Step 1 get alignment, note takers wrote down things participants said and did on post it notes

  • We used Mural, the online whiteboard web-app, to create an affinity map. Each participant was given a color. Each note taker wrote down things the participants said and did during the session on note cards.  

  • Since there was 3 note takers for each session writing notes in 3 separate documents we needed a way to organize our findings before we could group them by topic. Each participant was assigned a color then the note takers added their findings for that participant in that color.

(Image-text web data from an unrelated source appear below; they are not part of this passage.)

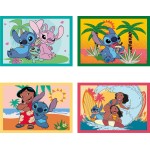 Clementoni Παιδικό Παζλ 4 In 1 Super Color Disney Stitch 12-16-20-24 Τμχ 1200-21745 8005125217458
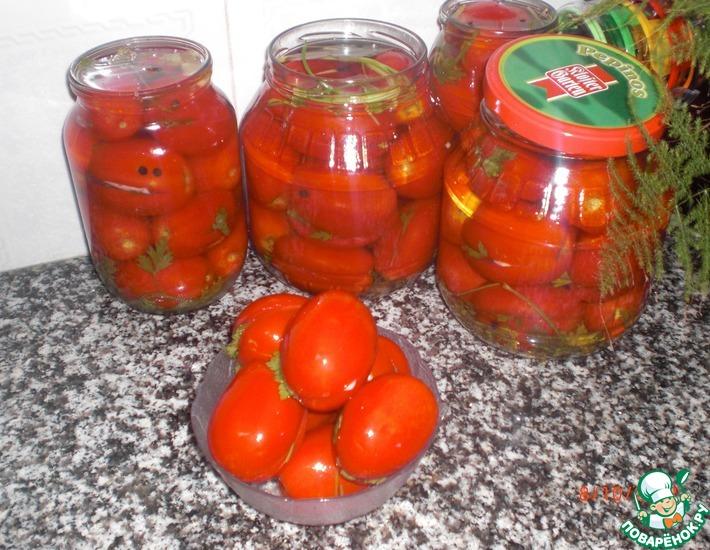 Рецепт: Квашеные помидоры за 2 дня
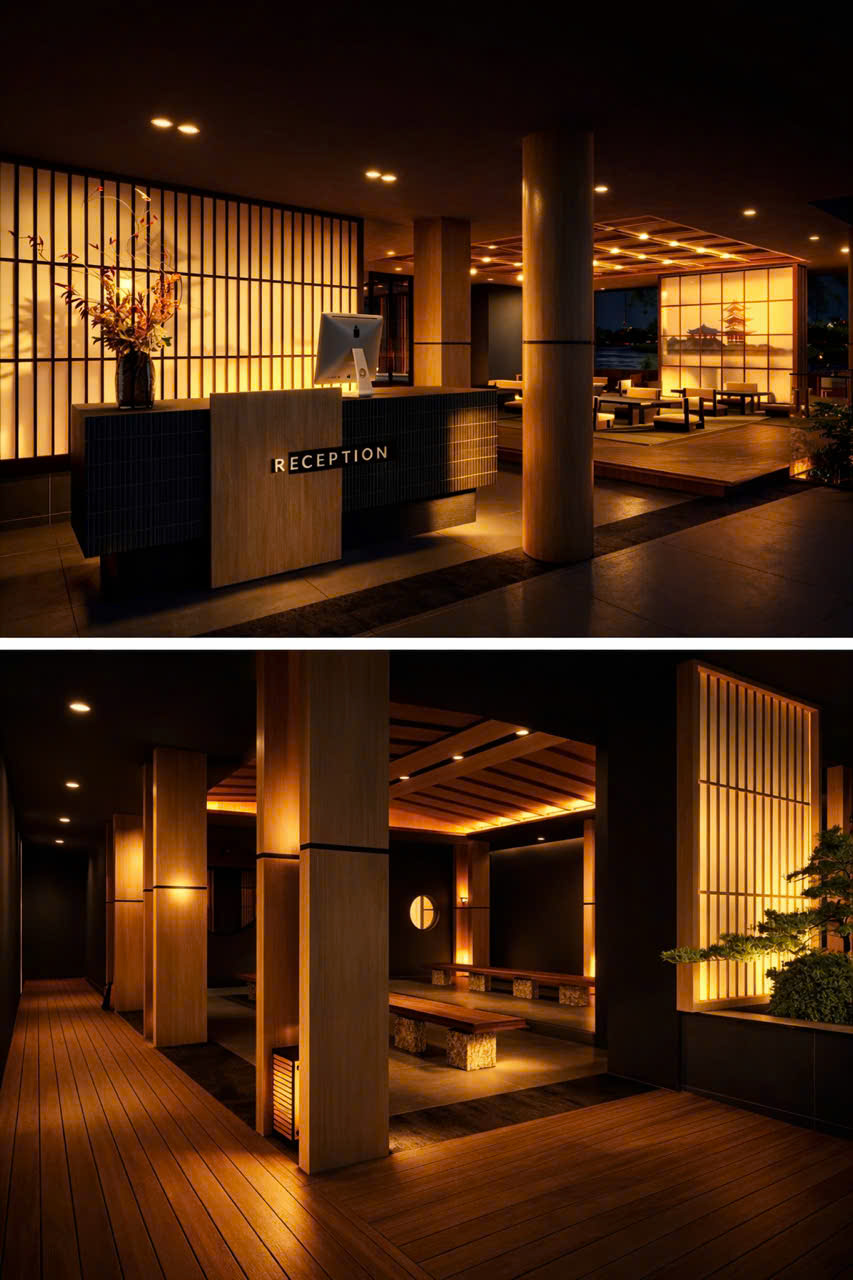 Toàn cảnh Cham Riverside với không gian wellness quy mô gần 4.000m² được thiết kế theo phong cách kiến trúc Nhật Bản tại Đà Nẵng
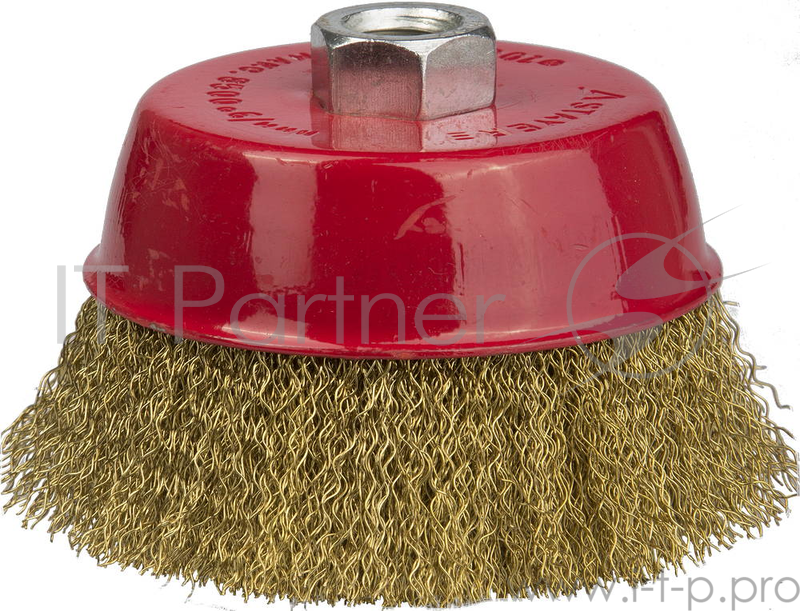 Кордщетка STAYER 35125-100_z01 чашечная д/УШМ витая латунированная сталь проволока 0.3мм 100мм M14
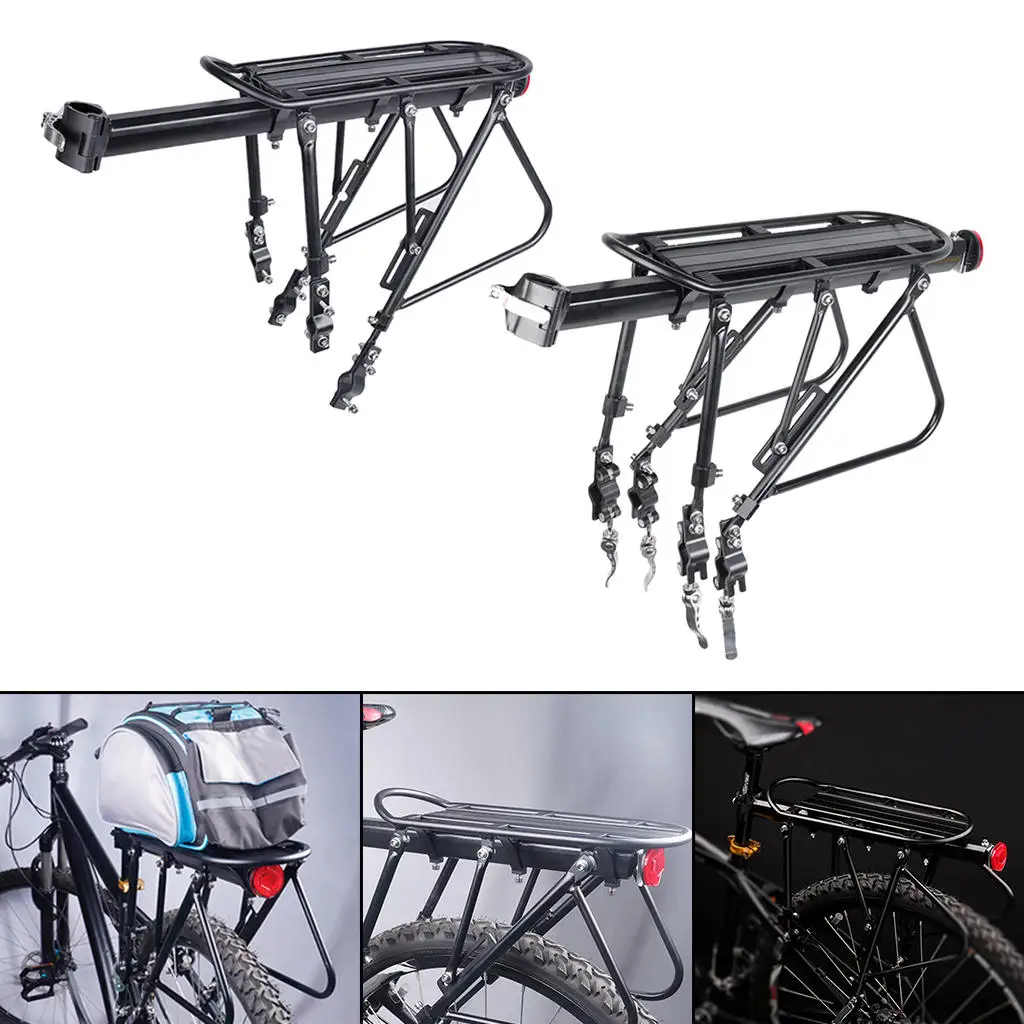 

Alloy Bike Rear Rack Load Cargo Bicycle Carrier Mountain Road Bike Biking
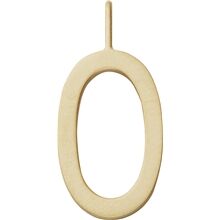 Design Letters Archetype Charm 16 mm Gold A-Z O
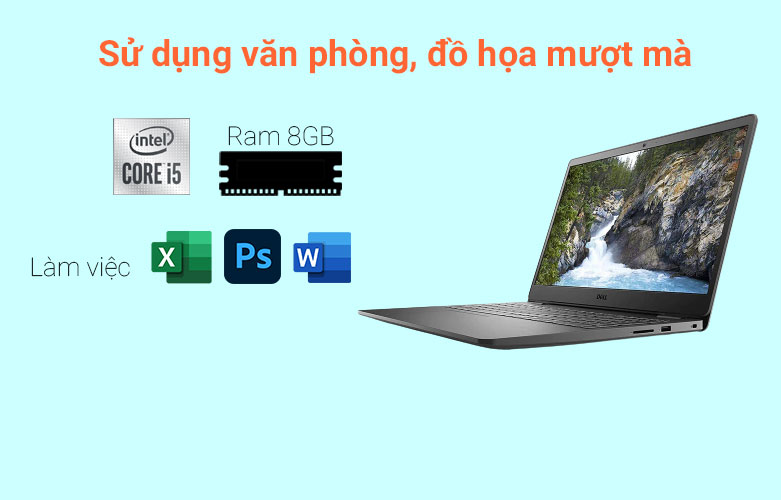 Máy tính xách tay/ Laptop Dell Inspiron 3501 (3501-70253897) (i5-1135G7) (Đen) | Sử dụng văn phòng, đồ họa mượt mà
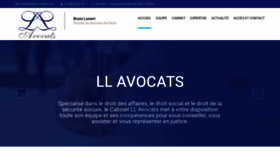 What Ll-avocats.fr website looked like in 2019 (4 years ago)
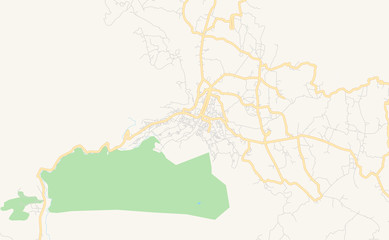 Printable street map of Padang Panjang, Indonesia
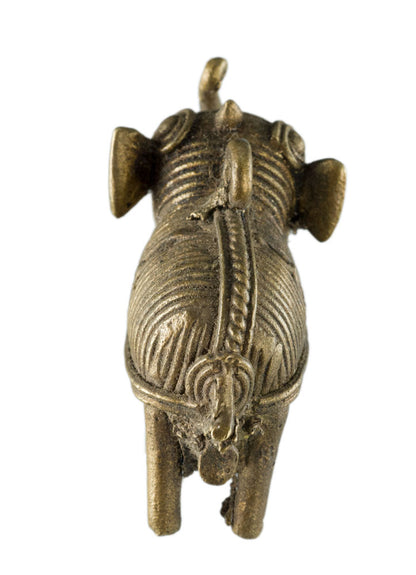 Miniature Éléphant Dhokra – Art Tribal De Bastar Inde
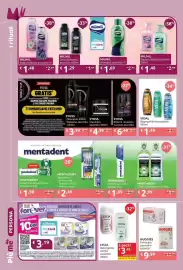 Volantino PiùMe Pagina 4: LYCIA Detergente intimo €3,49, HUGGIES Extracare pannolini assortiti €9,99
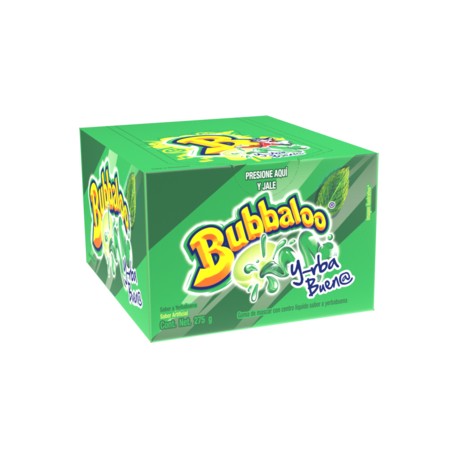 Mondelez Caja Chicles Bubbaloo Yerbabuena 32C/50P-DespensayMas-Mondelez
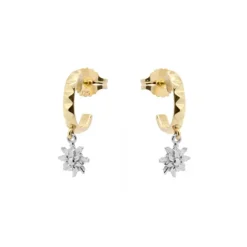 Pendientes Aiora de Plata Dorada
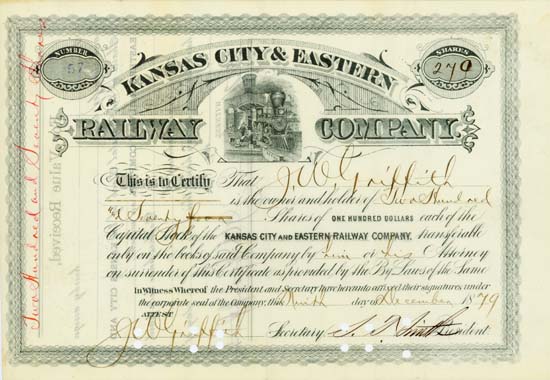 Kansas City & Eastern Railway Company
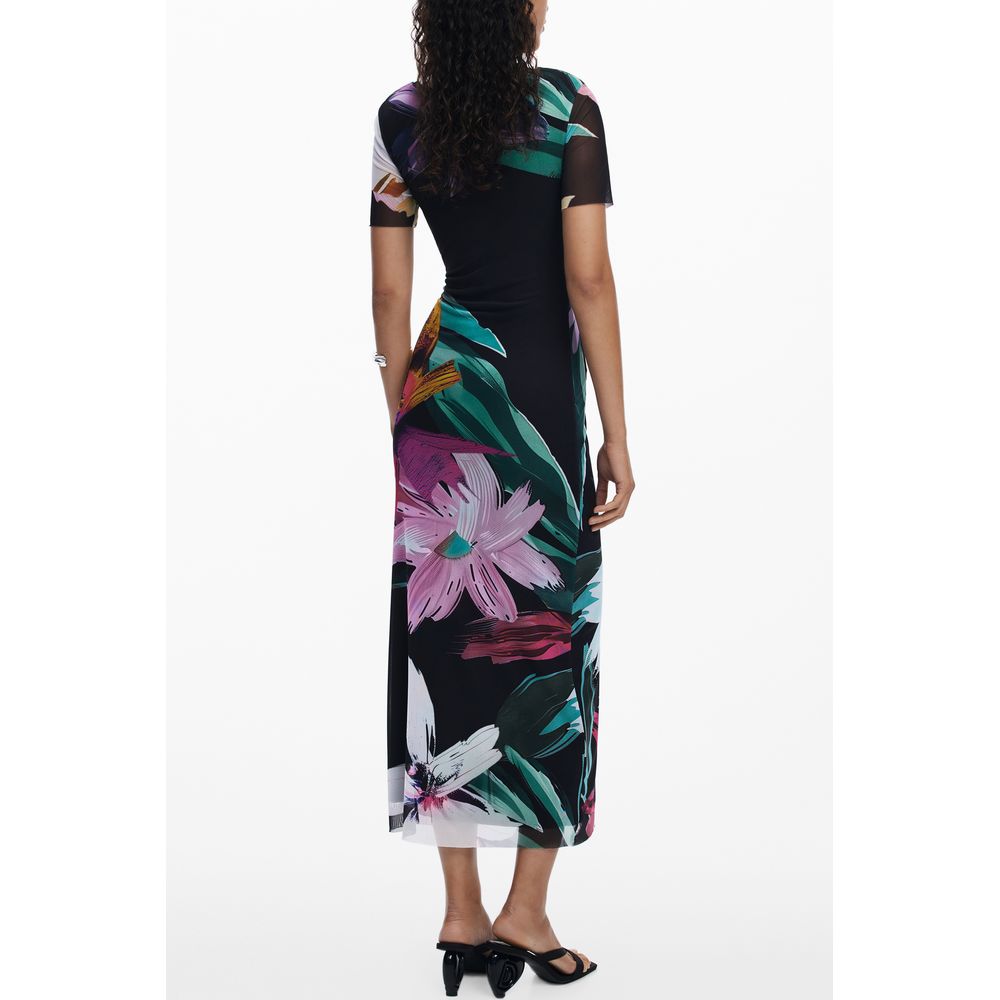 Black Polyester Women Dress Desigual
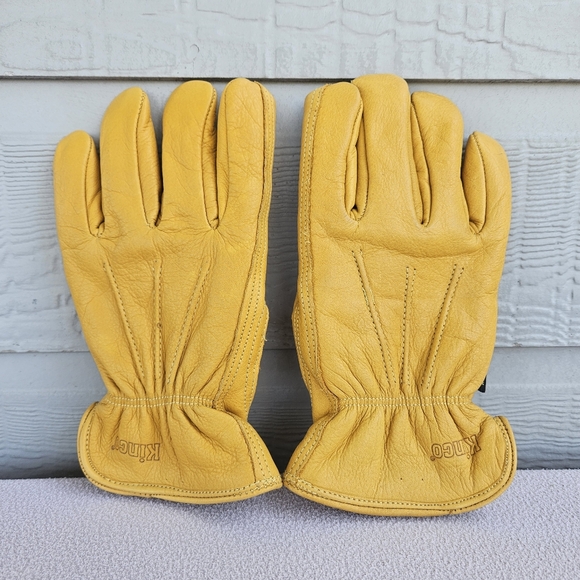 Kinco Lined Premium Grain Cowhide Leather Driver Palm Patch Work Gloves Men XL - Picture 1 of 11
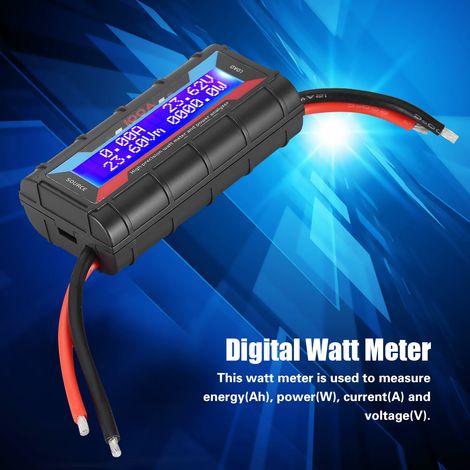 Digitales Hochpräzisions-Wattmeter 60V/100A, Leistungsanalysator, RC-Volt-Ampere-Meter (1/5)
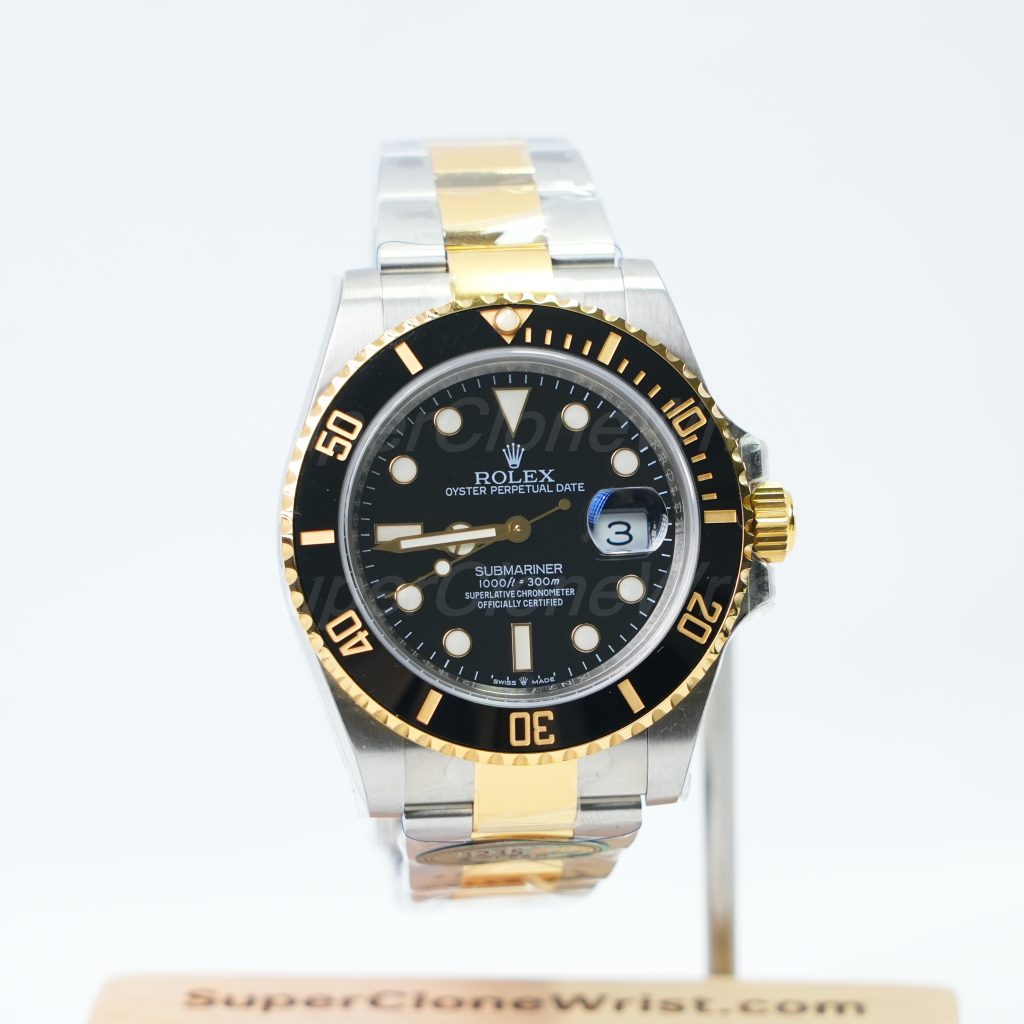 Rolex Submariner Date 116613 Two Tone 40mm 11 Super Clone Watches
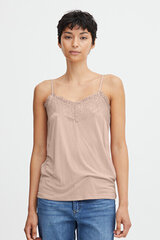 Marškinėliai moterims 20106355-12232, smėlio spalvos kaina ir informacija | Apatiniai marškinėliai moterims | pigu.lt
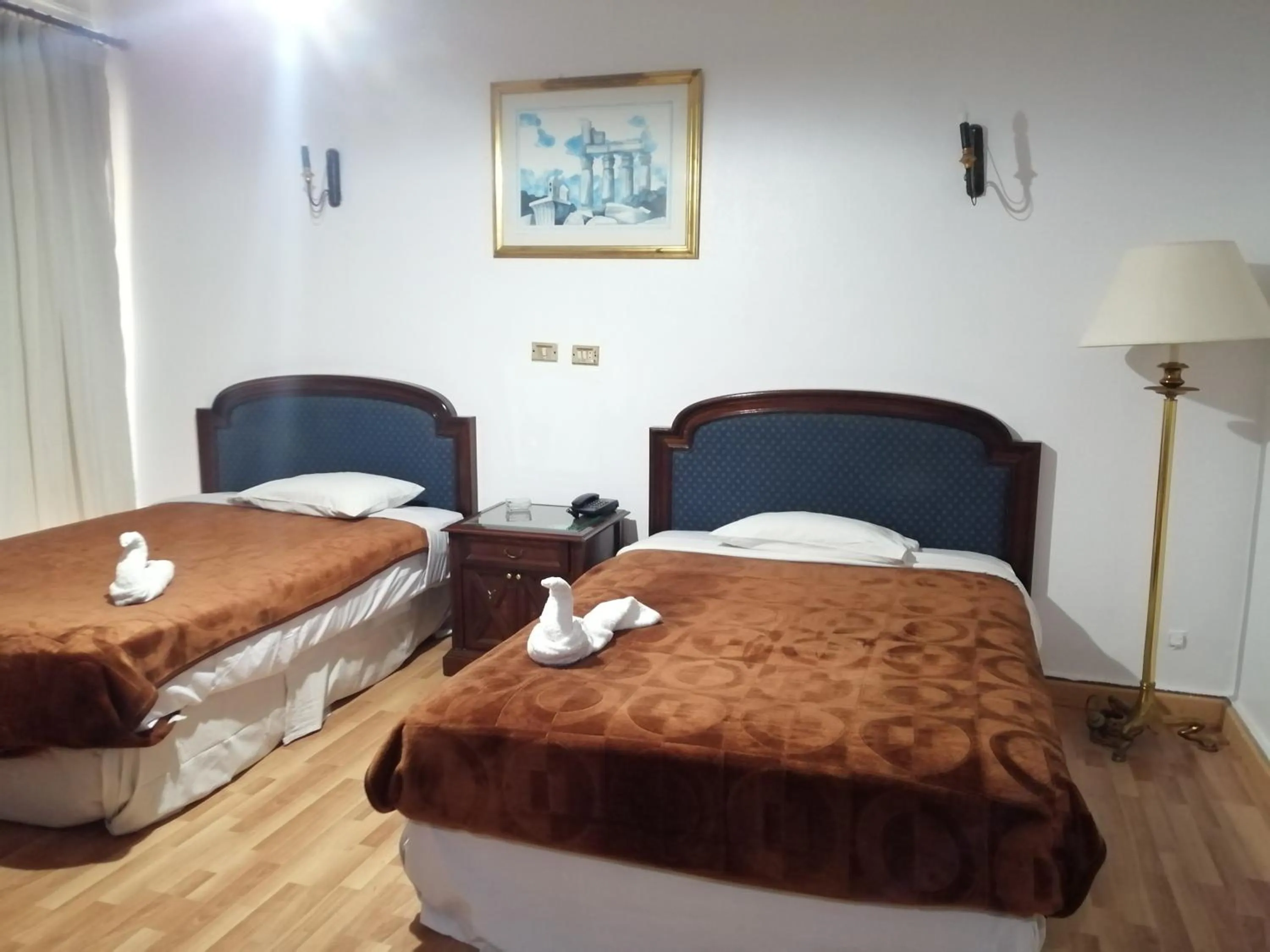 Bed in Mayorca Hotel Cairo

Since we were using an online whiteboard, we all added our findings at the same time then had to go through the process of removing duplicate findings.

  • Everybody didn’t notice the same things. So, it was important to get all the things down in one place and get rid of the duplicates

  • to make this work we needed a space for each participant, the note takers then added the attitudes, aptitudes, and behaviors we uncovered during the test to the online whiteboard

 

Step 2 

  • After all the findings were on the whiteboard app we started to move them around into groups, so we could identify themes and patterns. The groups of findings formed organically because certain findings were thematically related to other findings. After all of the findings were in groups we labeled the groups. This helped us make sense of the data we collected from the usability study. From this we were able to develop key themes of high level problems with the prototype we tested. There were problems relating to interaction, responsiveness, familiarity, and continuity that needed to be addressed in the final design.

 

Step 3 – recommendations

  • After looking at this data the team came up with recommendations for how to address the issues uncovered during the usability test. We created a simple system of color coded high medium and low priority labels for findings. We used these labels to prioritize the work of which findings need to be addressed immediately and which ones can wait.  We tied the findings, labels, and recommendations to the design with arrows. We did this so that it would be easy to understand which problems related to which areas of the design.

Final Prototype

Created final design in sketch then uploaded to invision

 

https://invis.io/ZYCWMD9VW

 

Taking into consideration the problems and recommendations from the analysis of the usability study we created the final design for this project, using the combination of Sketch and InVision.

 

Key changes

  • Initial splash screen goes away without user needing to click through

  • Starting with an empty personalize schedule and show the user where to go to fill in the schedule through in-context help

  • Give users the choice to look for events based on topics or based on the time block

  • Change the add event to schedule interaction from a plus /minus sign into a checkbox. Because participants had a hard time understanding what the plus sign would do.

  • Date picker was changed from a drop down to a more visually appealing format

  • Created better way to add all events to the user’s personal calendar

  • When exploring events, users are shown which one of their friends/ collogues are attending a specific event.